### DATA FOR ANALYSIS
>>>>

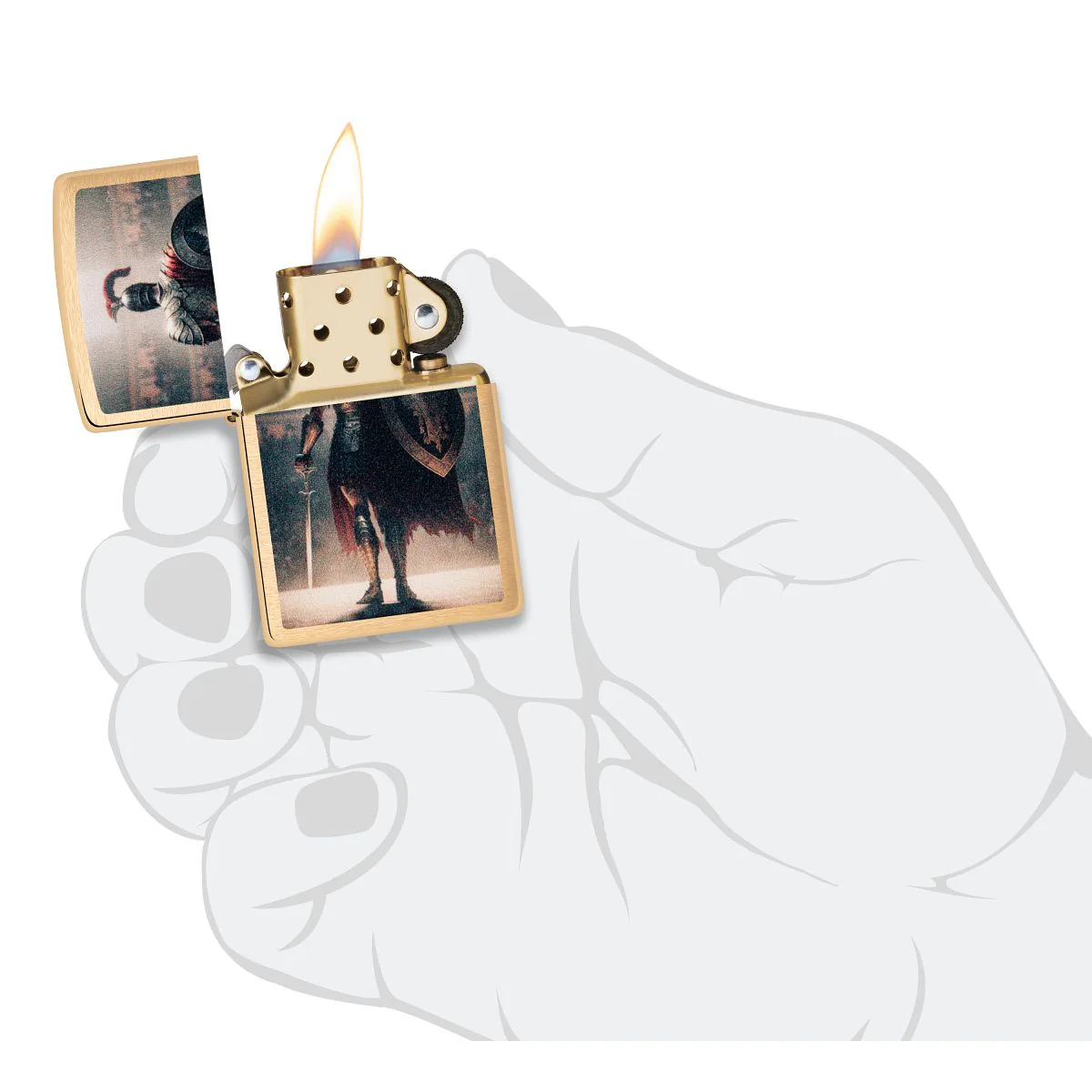 Zippo Lighter: Gladiator with Sword - Brushed Brass 46374 - Image 5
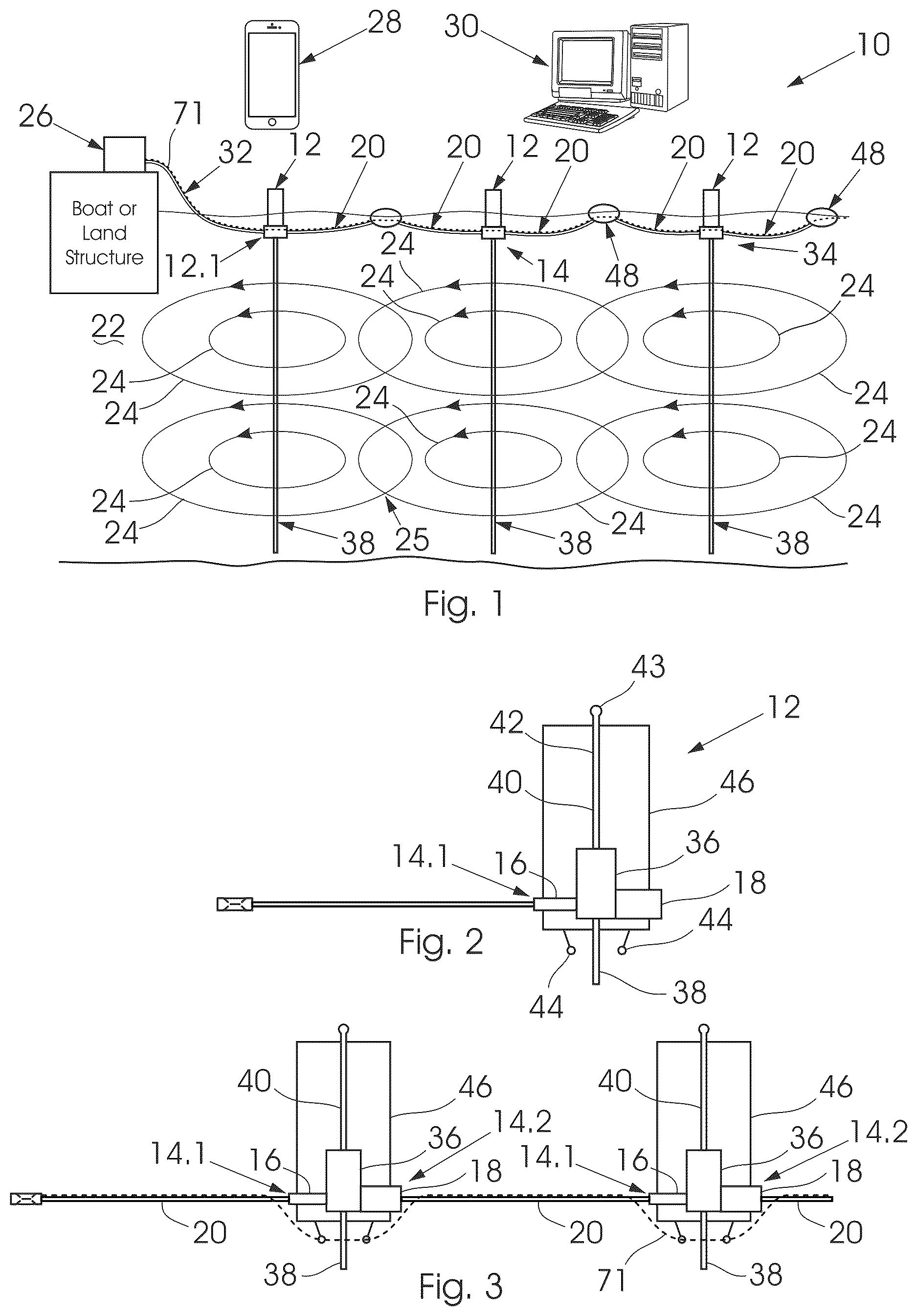 Patent US12616187 Figure 1 – System and method for deterring aquatic animals by remote control of electromagnetic barrier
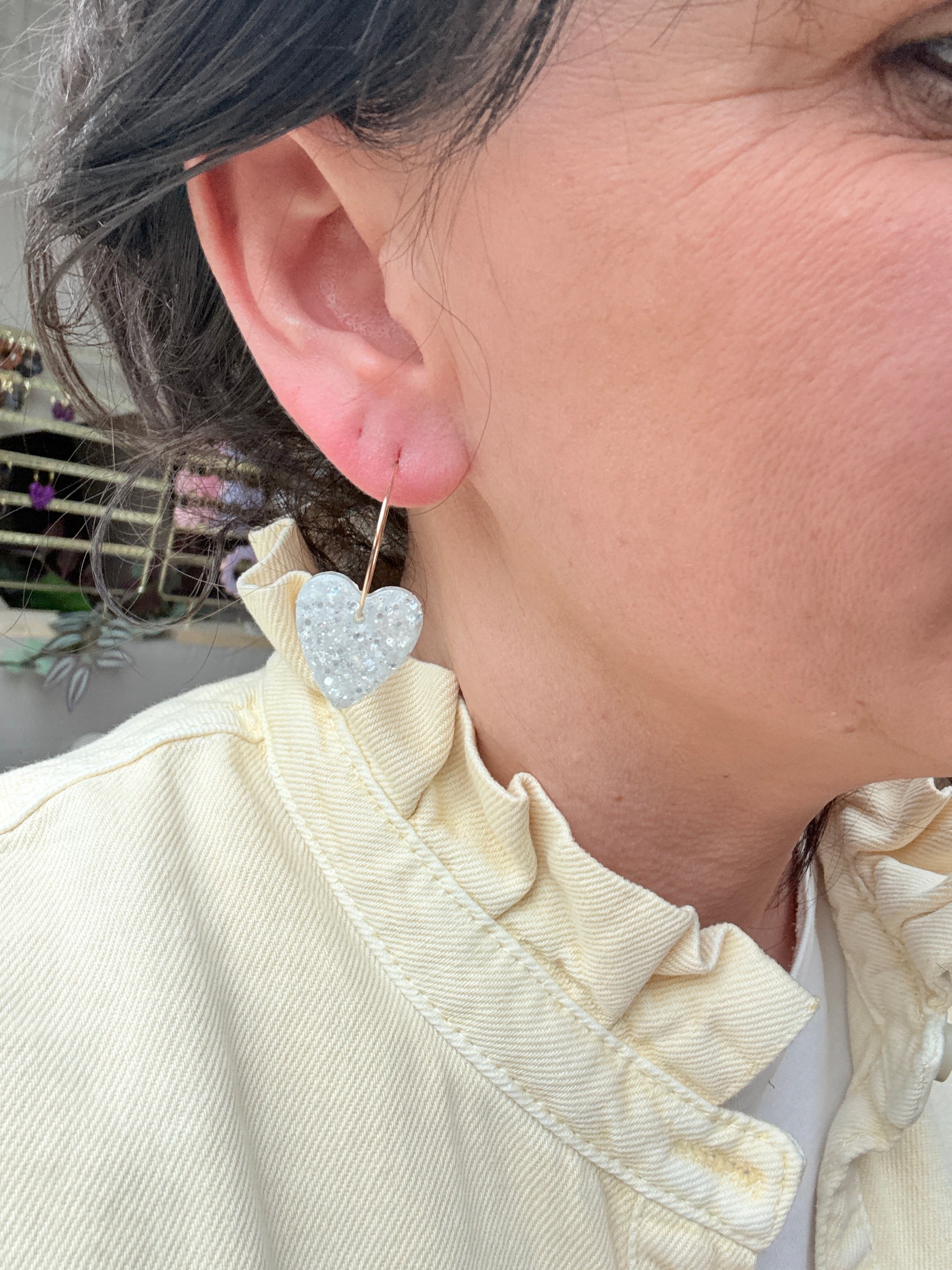 Pampilles Coeurs - taille S - Blanc pailleté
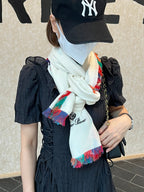 LP Scarf 190 CM In White Colorful Waffle Fabric Woven 975484
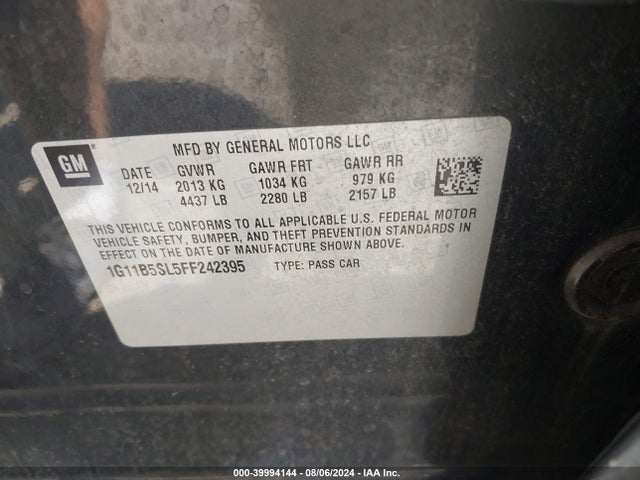 Chevrolet MALIBU LS 2015 1G11B5SL5FF242395 Image 9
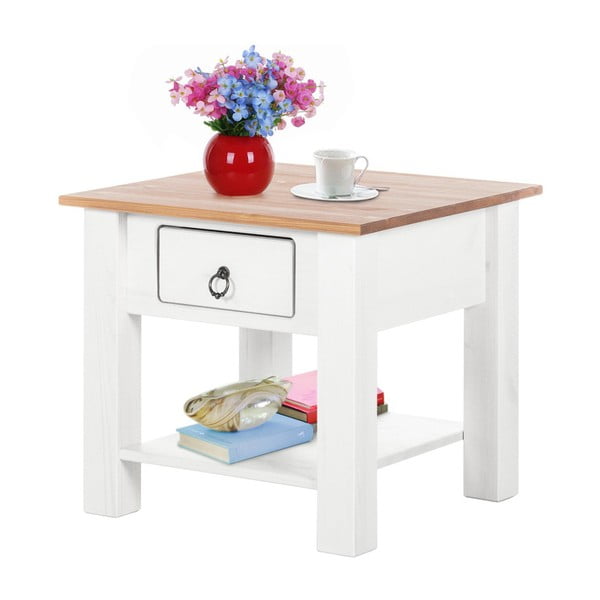 Масичка за кафе от бял бор с естествен плот Klein - Støraa-image-1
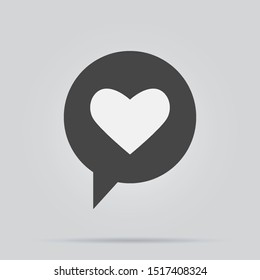 Heart in speech bubble black icon. Vector illustration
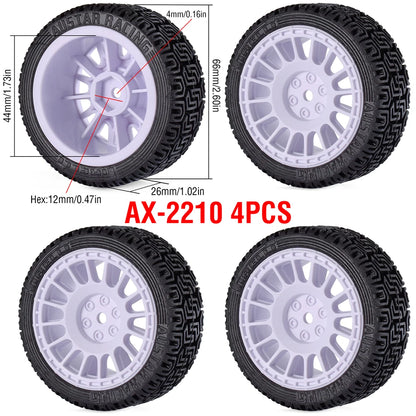 1/10 RC Wheels & Tires Set 12mm Hex On-Road Drift/Rally for Tamiya TT-02 Compatible Chassis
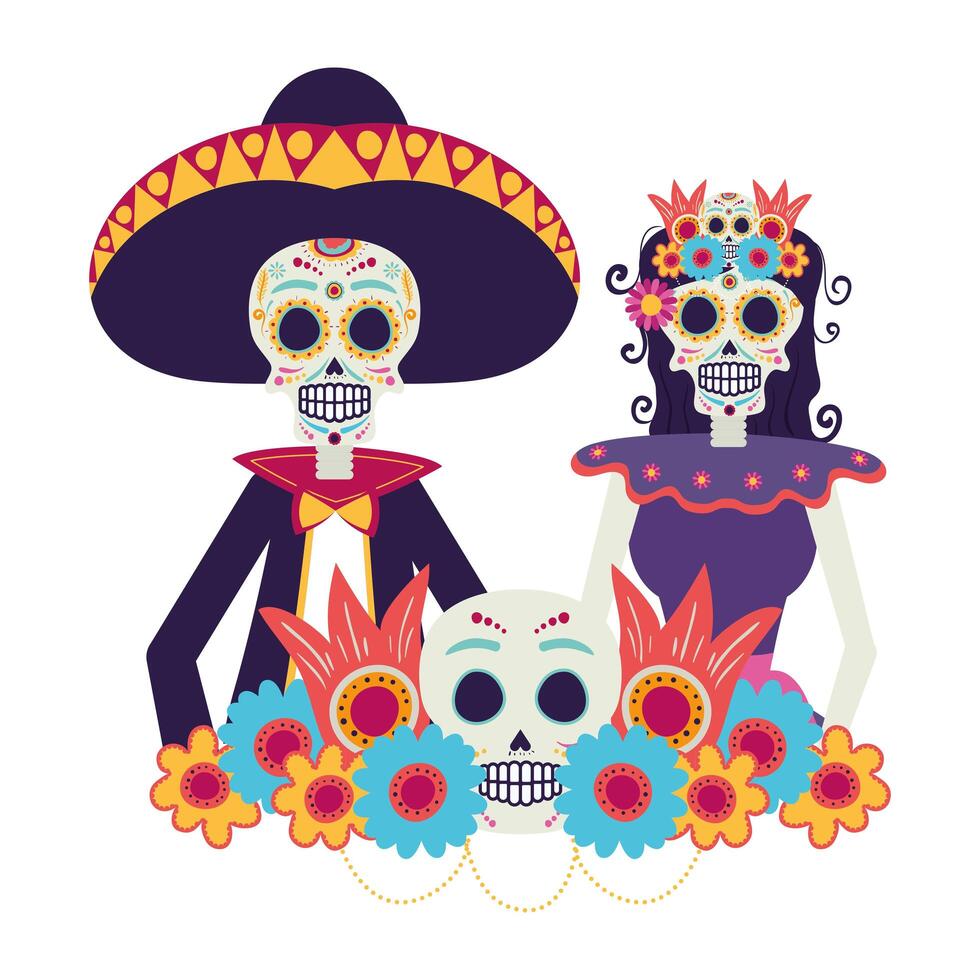 personajes de pareja de mariachis y catrina vector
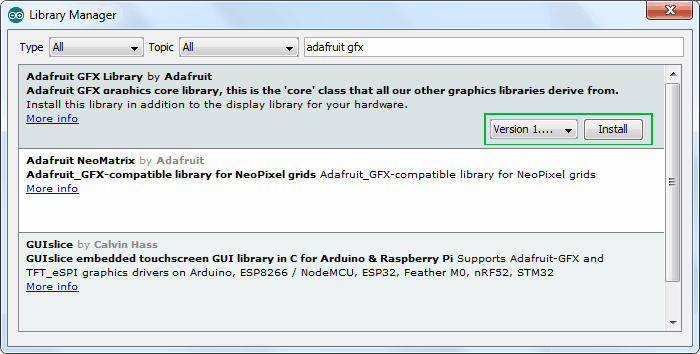 Installing Adafruit GFX Graphics Core Library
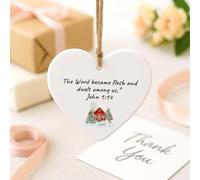 Religious Christmas Ornament Acrylic Heart - “The Word became flesh and dwelt among us” John 1:14, Christian Gift Keepsake, Faith Home Decoration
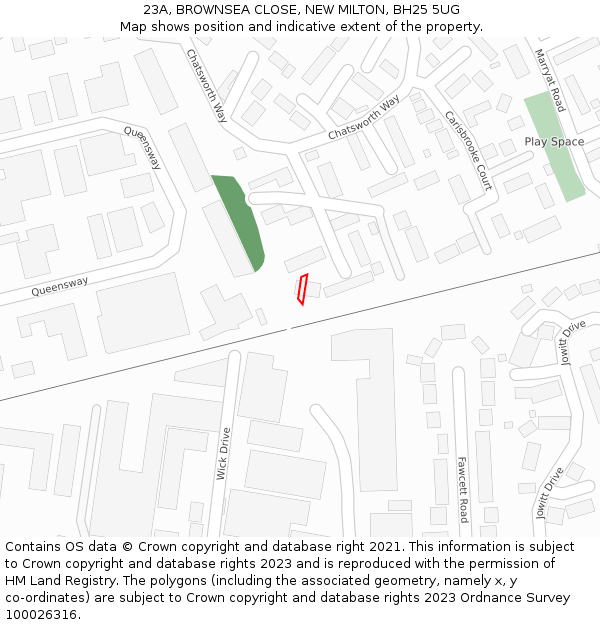 23A, BROWNSEA CLOSE, NEW MILTON, BH25 5UG: Location map and indicative extent of plot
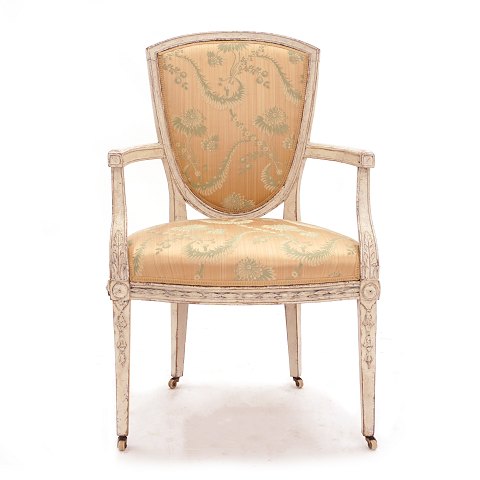 A Danish late 18th century armchair in the manner 
of Lillies. Denmark circa 1780-90. H: 94cm. H S: 
47cm. W: 60cm. D: 50cm
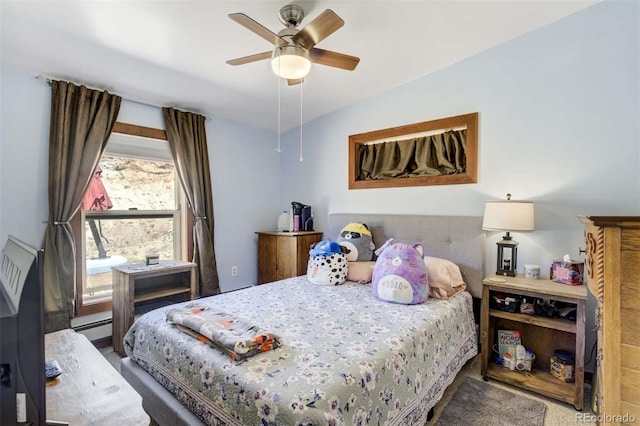 351 Badger Cir, Guffey, CO 80820 - bedroom with a baseboard heating unit and ceiling fan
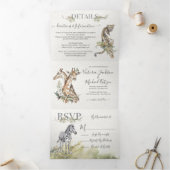 Tropical Safari Jungle Wedding Tri-Fold Einladung (Innenseite)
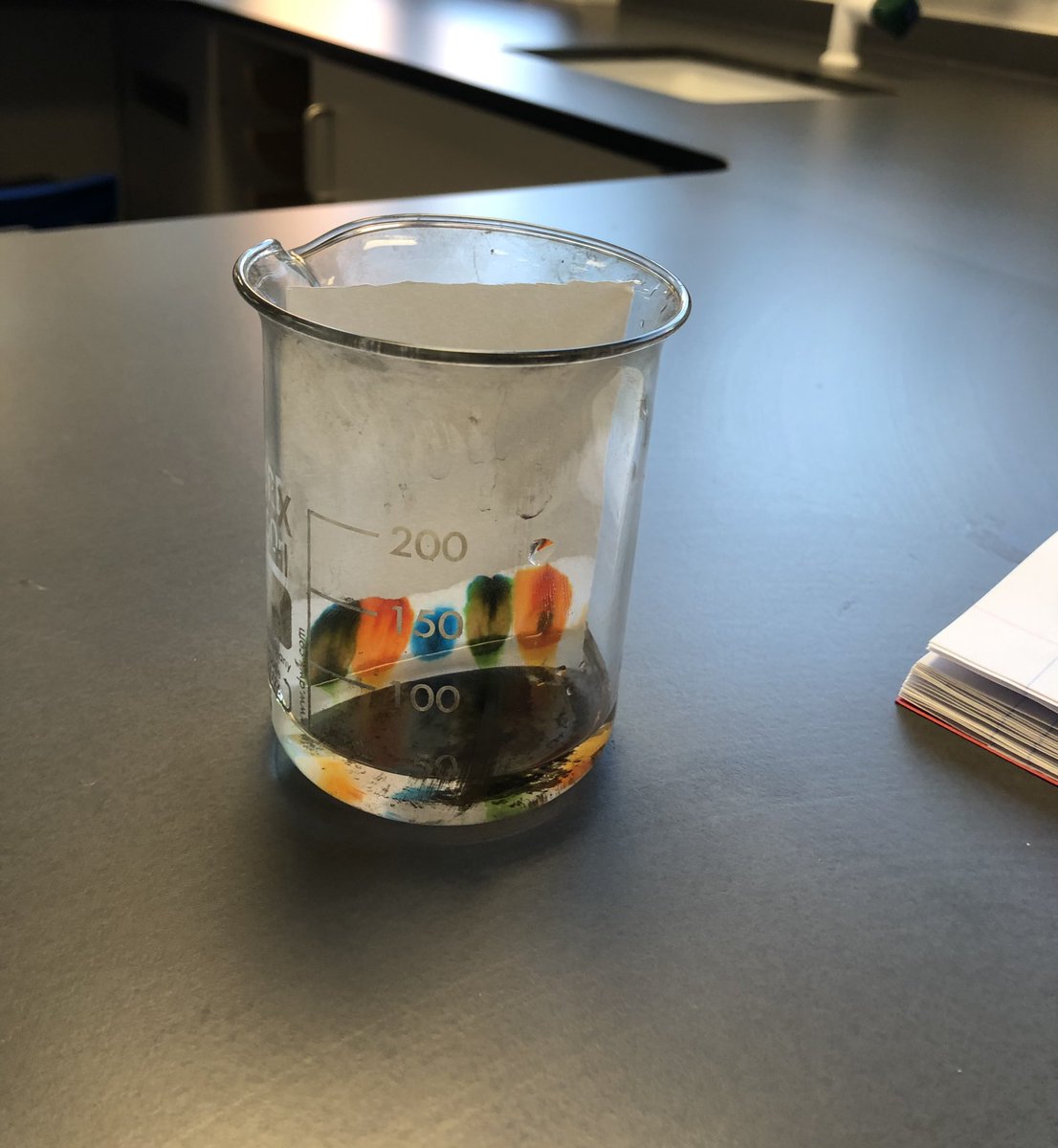 WinfieldScience's tweet image. Year 10 were revisiting the topic on separating mixtures this week. Here we can see chromatography. Great work.@1Penydre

<<<<

Your task is to repeat exactly the lines from the beginning of the data to the line that contains "Pampilles Coeurs - taille S - Blanc pailleté", both ends included, leaving out pictures.

### RESPONSE TO THE TASK
 Zippo Lighter: Gladiator with Sword - Brushed Brass 46374 - Image 5
 Patent US12616187 Figure 1 – System and method for deterring aquatic animals by remote control of electromagnetic barrier
 Pampilles Coeurs - taille S - Blanc pailleté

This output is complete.